Receita Federal fiscaliza as redes sociais para cruzar dados

Luiza Maria Pinto, da RF do Pará, diz que informações sobre a renda são cruzadas com informações do Facebook.

As redes sociais são fontes de informações para a Receita Federal no combate à sonegação fiscal, no ato de análise da declaração do Imposto de Renda. A afirmação é da supervisora do Imposto de Renda em Belém, Luiza Maria Rodrigues Pinto, na sexta-feira, 31. De acordo com ela, assim como as movimentações bancárias, as operações com cartões de crédito, a Declaração do Imposto sobre a Renda Retido na Fonte (Dirf) e a Declaração de Informações sobre Atividades Imobiliárias (Dimob), o Facebook, o Twitter e demais redes sociais são alvo da Receita Federal no cruzamento de informações sobre bens, rendas e patrimônios dos contribuintes, sempre que o assunto é o combate à sonegação fiscal. O objetivo da iniciativa é rastrear gastos sem origem declarada do dinheiro.

No Pará, a Receita Federal espera receber 562.900 declarações, com pequena diferença para maior, conforme vem ocorrendo nos últimos anos, observou a supervisora do IRF em Belém. Ela informou que a tabela de tributação do IR praticamente é a mesma desde o mês de abril do ano de 2015.

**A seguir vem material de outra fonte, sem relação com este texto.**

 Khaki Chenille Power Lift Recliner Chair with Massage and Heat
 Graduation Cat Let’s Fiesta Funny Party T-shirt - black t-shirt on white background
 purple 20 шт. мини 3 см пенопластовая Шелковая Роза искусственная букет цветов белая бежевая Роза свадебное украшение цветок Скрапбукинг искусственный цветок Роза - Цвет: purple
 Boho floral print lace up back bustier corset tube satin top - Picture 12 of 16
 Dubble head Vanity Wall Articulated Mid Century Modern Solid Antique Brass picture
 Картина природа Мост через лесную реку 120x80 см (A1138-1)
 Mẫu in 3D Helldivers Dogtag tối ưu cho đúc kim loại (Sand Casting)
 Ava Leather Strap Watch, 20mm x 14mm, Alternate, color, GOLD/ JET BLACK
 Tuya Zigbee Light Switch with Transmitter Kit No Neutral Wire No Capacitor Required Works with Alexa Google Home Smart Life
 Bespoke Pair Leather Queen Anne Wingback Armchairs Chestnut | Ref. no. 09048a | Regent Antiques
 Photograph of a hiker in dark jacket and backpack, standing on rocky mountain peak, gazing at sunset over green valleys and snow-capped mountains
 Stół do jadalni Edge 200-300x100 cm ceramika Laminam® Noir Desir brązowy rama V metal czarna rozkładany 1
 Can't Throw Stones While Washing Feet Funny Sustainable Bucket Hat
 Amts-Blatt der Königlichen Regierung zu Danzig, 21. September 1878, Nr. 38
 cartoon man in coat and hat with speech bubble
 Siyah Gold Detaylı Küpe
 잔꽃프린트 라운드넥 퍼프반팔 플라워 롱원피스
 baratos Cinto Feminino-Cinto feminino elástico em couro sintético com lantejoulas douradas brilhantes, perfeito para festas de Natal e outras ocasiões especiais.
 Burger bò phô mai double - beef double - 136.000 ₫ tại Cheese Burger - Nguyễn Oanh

Até a última sexta, mais de 175 mil contribuintes já haviam entregue suas declarações do Imposto de Renda de Pessoa Física (IRPF 2017). Luiza Pinto destacou, no entanto, que esse número muda a cada 10 segundos, com a consolidação de pelo menos duas novas declarações no sistema da RF. O prazo de entrega da declaração vai até 28 de abril.

Na 2ª Região Fiscal da Receita Federal, que envolve os Estados do Pará, Acre, Amazonas, Amapá, Roraima e Rondônia, 401.746 contribuintes já cumpriram a obrigação com o fisco federal. Em todo o Brasil, até a última sexta, 7.108.763 pessoas já haviam declarado. A supervisora chamou a atenção de todas as pessoas físicas residentes no Brasil que recebem de outras pessoas físicas rendimentos não tributados na fonte para a obrigação de se pagar mensalmente o carnê-leão. Também entram neste caso rendimentos recebidos do exterior.

Devem pagar o carne-leão os rendimentos provenientes de arrendamento, locação e sublocação de móveis e imóveis; de trabalhos prestados sem vínculo empregatício; o recebimento de pensão alimentícia, paga em cumprimento de ação judicial ou acordo homologado na Justiça, entre outros. O mesmo acontece com valores recebidos do exterior a título de trabalho ou não, do uso, exploração ou ocupação de bens móveis ou imóveis, de lucros e dividendos.

Em geral, disse Luiza Maria, as pessoas estão acordando para a necessidade de recolher o carnê-leão durante o seu respectivo ano calendário, o que evita o pagamento de multa de 50% sobre o valor recebido, mais juros de mora e outras majorações no valor. “Não basta informar a procedência da renda (conforme exemplos já citados) o pagamento do carnê-leão não é uma opção é uma obrigação”, afirmou ela, entafizando que isso deve ser eito no período regular.